Nowadays however, not everything falls neatly into the category of a product or a service.
In the information age – many of our jobs depend on us processing just that – information. And it’s not like companies can simply put up a metal detector the way they could to see if a widget is in our pocket. – Information resides in our minds – invisible to others and not very useful to the organization if we keep it there.
You probably didn’t mean to steal it! – In fact you probably never even thought about it this way. But as technology changes so does our work. Once we understand the true nature of the materials that our jobs involve – be it physical materials, or in this case information – we can then understand our responsibility to help move ALL those materials along.
Think about it this way, when you are paid to gather, assimilate and pass along data, it is the same as if you were paid to gather materials, create a widget and pass that widget to the next person. In an information age, information and data is now the property that companies are processing and profiting from.

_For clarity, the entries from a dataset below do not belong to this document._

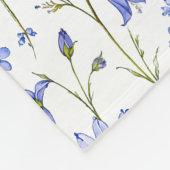 Blauw Aquarel Wilde Bloem Patroon Aangepaste Naam Fleece Deken (Hoek)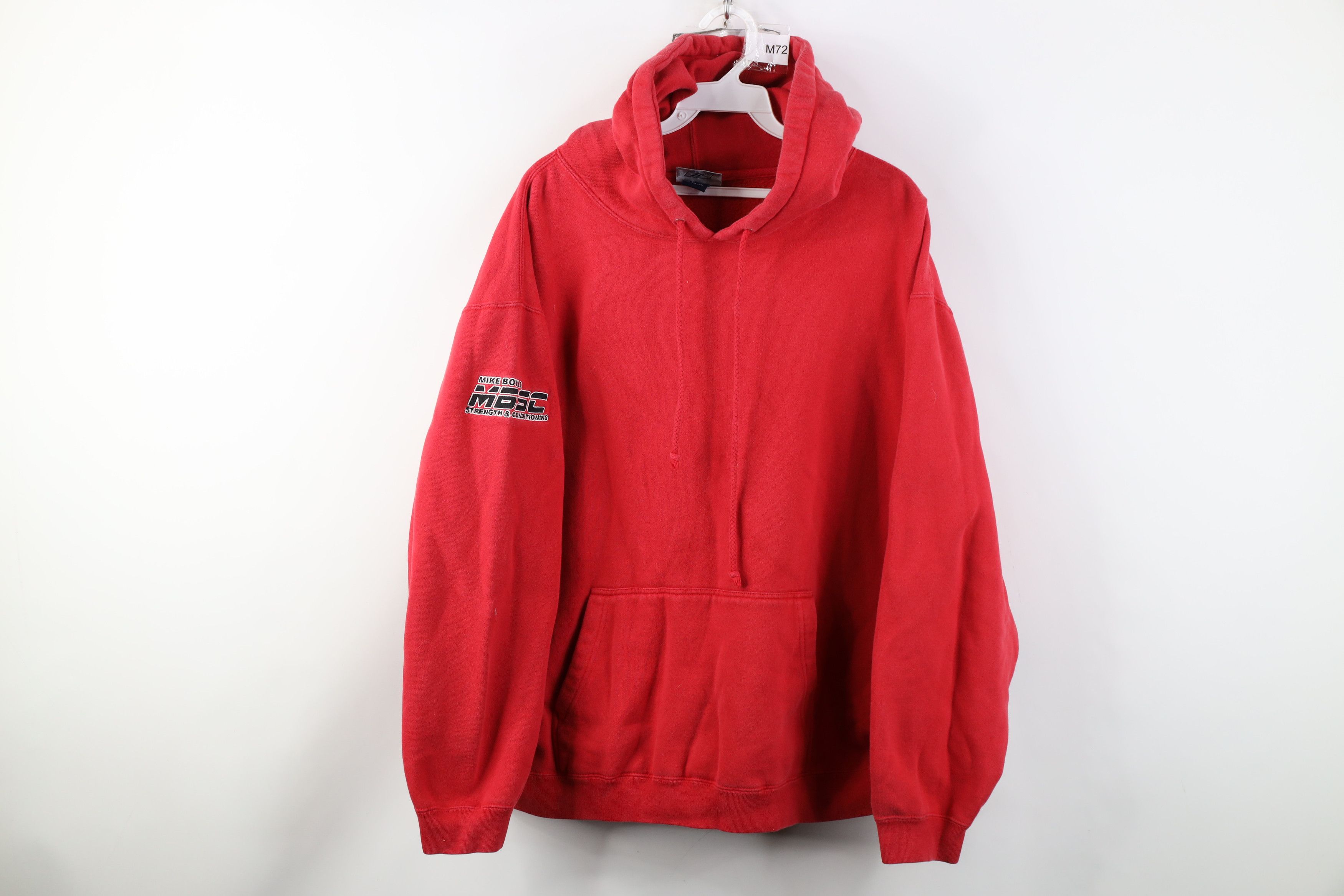 Reebok Vintage 90s Y2K Reebok Heavyweight Hoodie Sweatshirt Red Size US L / EU 52-54 / 3 - 1 Thumbnail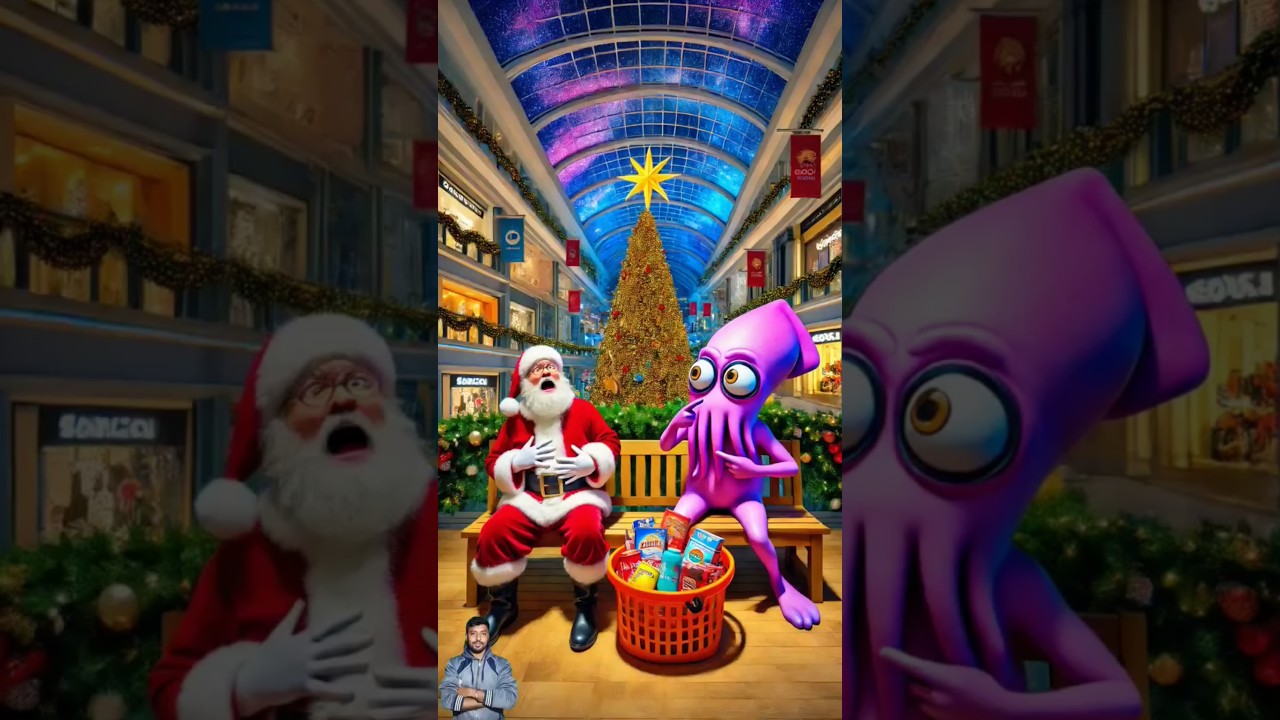 🥰 Evolution of Santa Claus : Sitting at Shopping mall ❤ Meaw Verse ✅ #cat #cute #love #shorts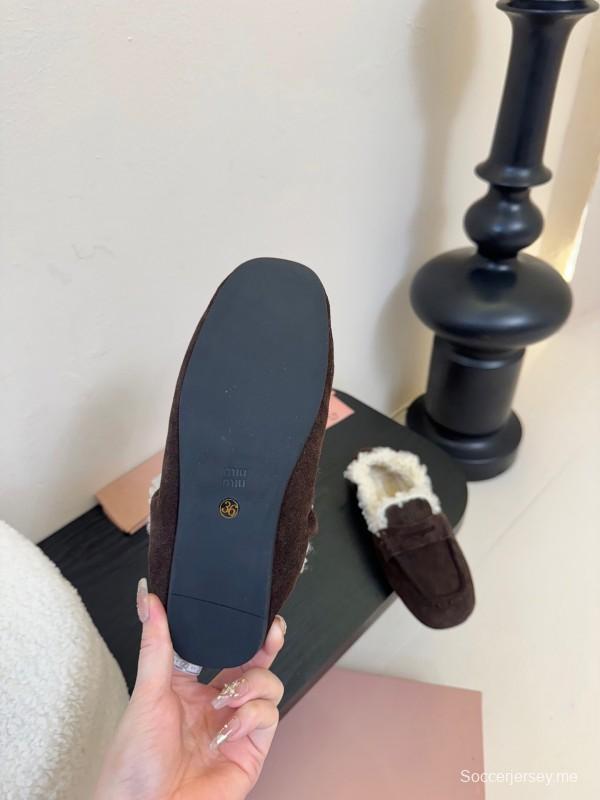 حذاء بدون كعب بتصميم من الصوف من MIUMIU - KFY00320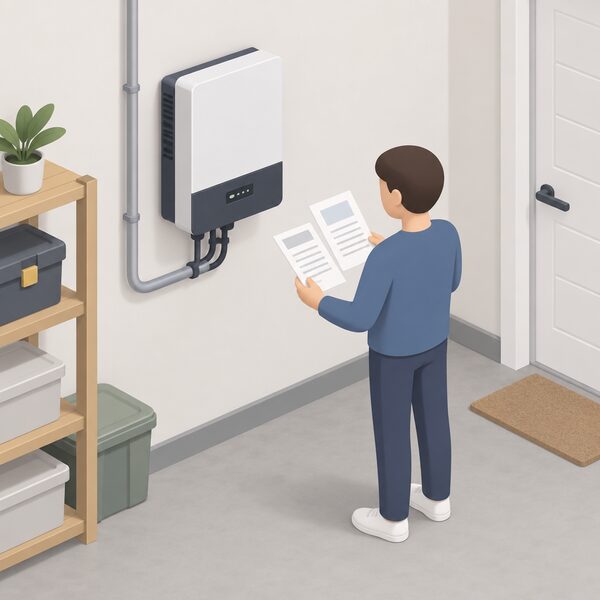 A wall-mounted solar inverter unit indoors on a garage or utility wall, with a small isometric household figure standing beside it holding the household's registration and warranty paperwork, drawn as physical sheets with blank lines and plain blocks.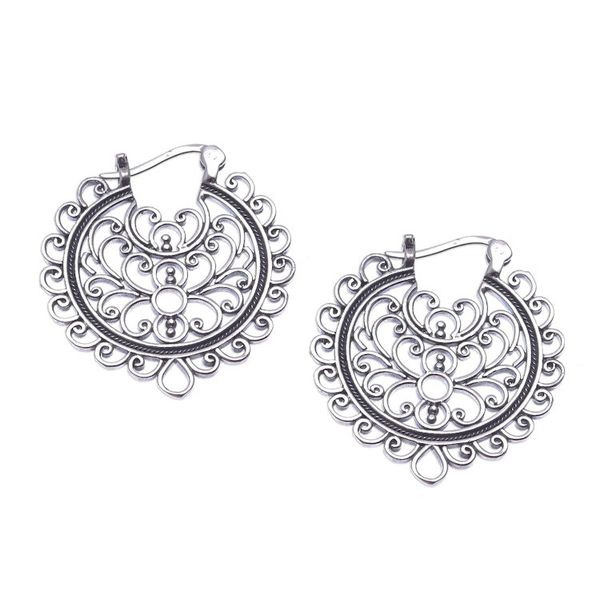 Alternate image for Artisan Crafted Sterling Silver Hoop Earrings from Thailand Classic Swirls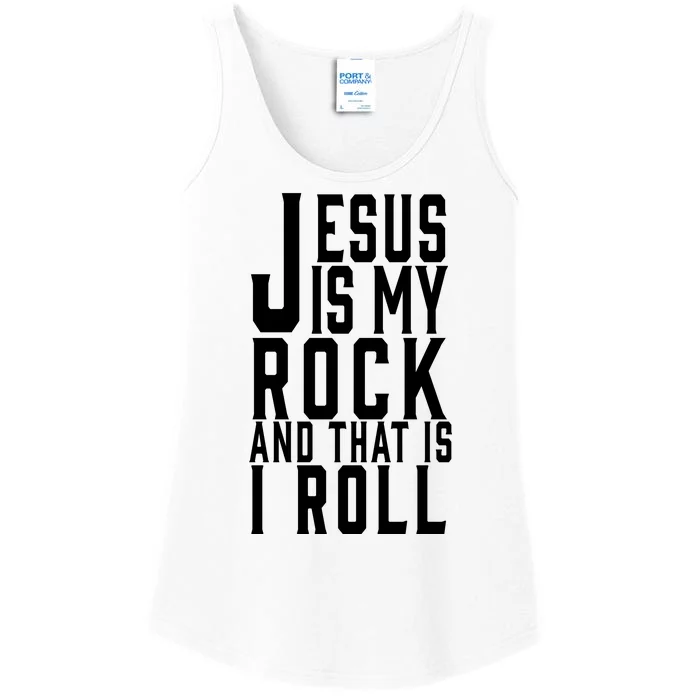 Jesus Is My Rock And Thats How I Roll Ladies Essential Tank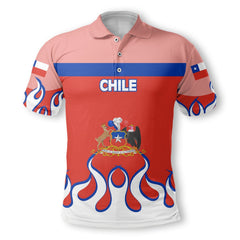 Chile Polo Shirt Flag & Coat Of Arms Fire Hockey Style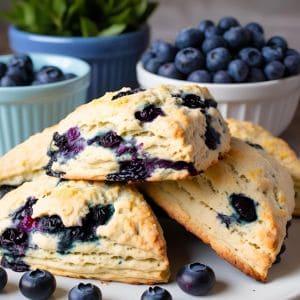 Close-up of a flaky blueberry scone with juicy blueberries, served with a side of clotted cream and lemon zest.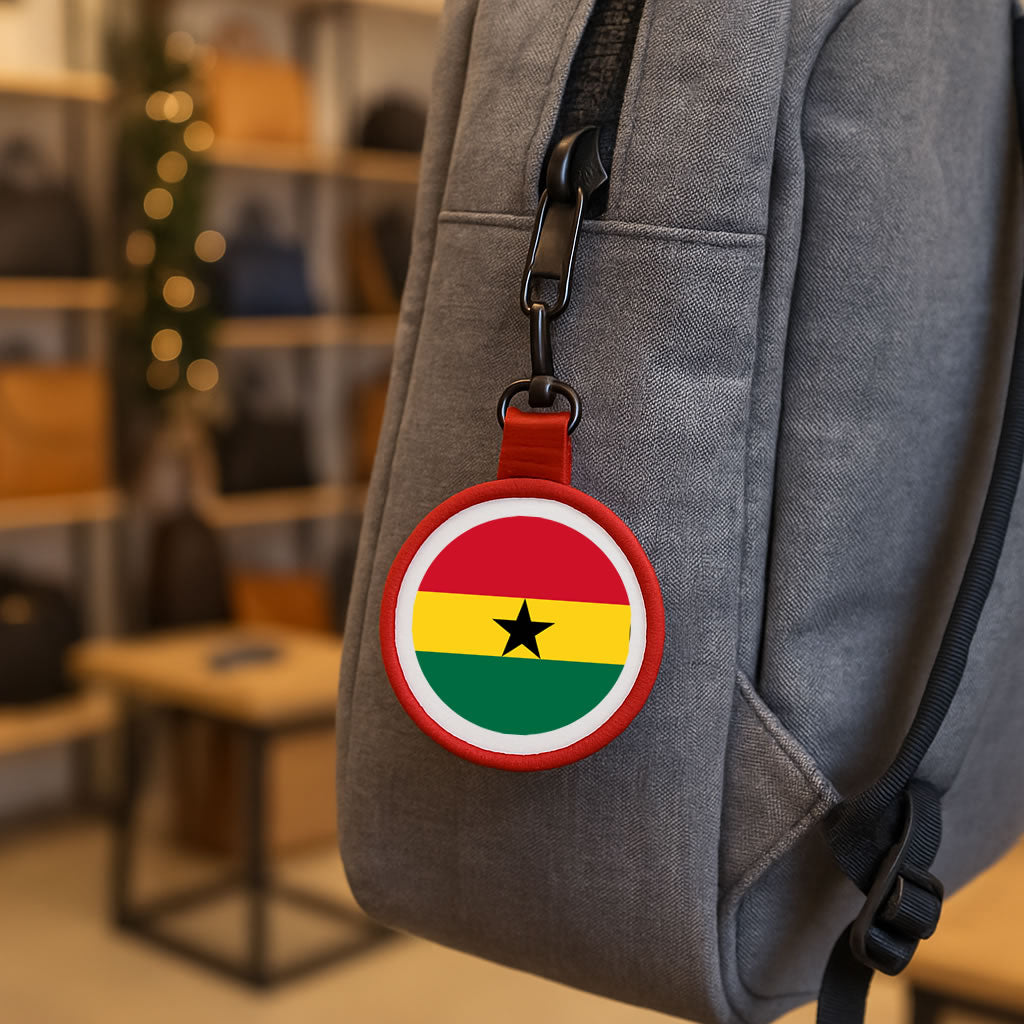 Ghana Flag circle bag Tag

So – with new types of work existing, there also needs to be new boundaries to define an employee’s responsibility. Any information that you are paid to earn, gather and process is your responsibility. It’s your job to comment on the data, to give an opinion, to help translate it so it will be valuable to your colleagues and clients…and if you do not help this data or information to progress down the line – it leaves the building in your mind the same way that widget would have left in a pocket
Do you have colleagues who hold onto valuable information without sharing?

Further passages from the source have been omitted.